Aetna’s Obamacare Reversal Is Latest Blow to U.S. Health LawBy
Facing more than $300 million in losses, insurer weighs exits
UnitedHealth, Humana have also retreated from ACA markets
Aetna Inc., facing more than $300 million in losses from Affordable Care Act health plans this year, may exit Obamacare markets in some states as challenges to the health-care overhaul pile up.
While the health insurer has yet to leave any states in which it now sells Obamacare programs, Chief Executive Officer Mark Bertolini said Aetna is evaluating its participation by market and will start making decisions in coming weeks. The company, which covers 838,000 people through Obamacare, is halting a planned expansion of those offerings in new states for next year.
“We’ve got to be able to cover the costs associated with providing the care,” Bertolini said in an interview.
Big insurers’ flight from Obamacare’s marketplaces, beginning with industry leader UnitedHealth Group Inc. earlier this year, will leave more consumers with fewer coverage options in 2017. The health law relies on privately run insurers to offer health plans that consumers can purchase, often with government subsidies. Last week, Humana Inc. announced a broad retreat from selling ACA plans, and Anthem Inc. said it would lose money from participation in the program.
Aetna’s move today was somewhat unexpected, as the insurer had submitted plans to regulators to enter five new states next year, and told investors in April that it was on track to break even this year on plans sold under the ACA. The announcement came Tuesday in a statement as the insurer reported second-quarter results that topped analysts’ estimates. Lower expenses, and strength in Aetna’s other business lines, helped the company cushion losses from ACA plans.
The stock rose 1.3 percent to $115.78 at 1:53 p.m. in New York. Aetna had gained 5.9 percent this year through the close of U.S. markets Monday, the second-best performance of the major health insurers after UnitedHealth.
President Barack Obama has said there’s a need for more competition in some markets. In an article in the Journal of the American Medical Association, he said Congress should consider allowing a government-run health plan to compete with private carriers on the ACA exchanges in areas where individuals have few options.

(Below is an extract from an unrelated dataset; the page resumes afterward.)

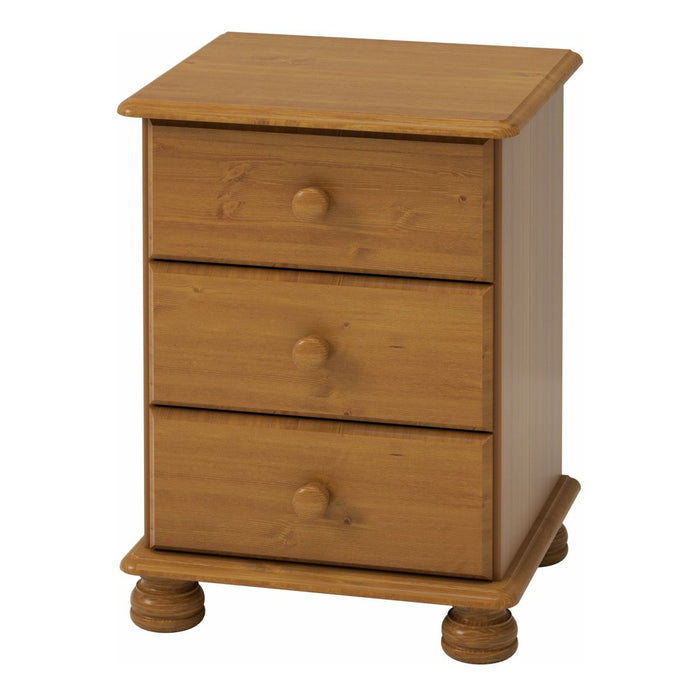 Richmond 3 Drawer Bedside in Pine (Package of 2.)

Still, Marjorie Connolly, a spokeswoman for the Department of Health & Human Services, said consumers will have “a robust set of choices,” when they pick ACA plans for next year. The sign-up period for 2017 coverage begins on November 1.

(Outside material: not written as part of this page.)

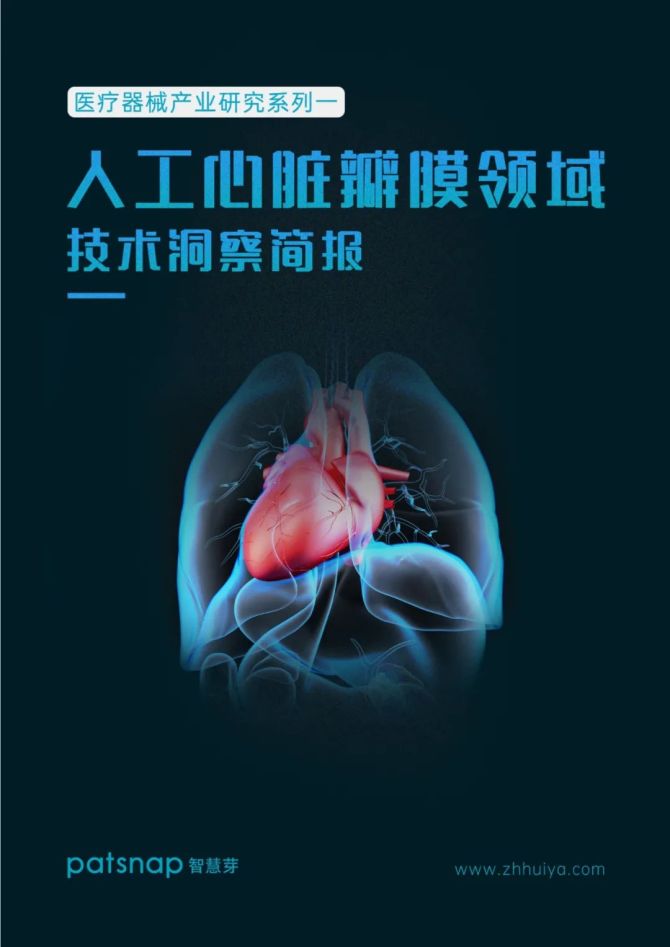 新知达人, 医疗器械产业研究系列一人工心脏瓣膜领域技术洞察简报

“We have full confidence, backed by data, that the Health Insurance Marketplace will continue to thrive for years ahead as a place where insurers compete for business and consumers have access to a range of affordable coverage options,” she said Tuesday in an e-mail.
Bertolini said the ACA re-evaluation wasn’t prompted by a Justice Department decision last month to sue to block his company’s acquisition of Humana. Anthem said last week that if its merger with Cigna were approved, the company’s participation in Obamacare exchanges would expand.
Aetna and Humana said Tuesday that they agreed provisionally to divest Medicare Advantage plans that cover 290,000 people in 21 states, in an effort to gain approval for their deal. Molina Healthcare Inc. will pay about $117 million in cash for the assets, and the transactions are subject to the successful completion of Aetna’s acquisition of Humana, as well as other regulatory approvals.
Bertolini said big changes are needed to make the exchanges viable. Risk adjustment, a mechanism that transfers funds from insurers with healthier clients to those with sick ones, “doesn’t work,” he said. Rather than transferring money among insurers, the law should be changed to subsidize insurers with government funds, Bertolini said.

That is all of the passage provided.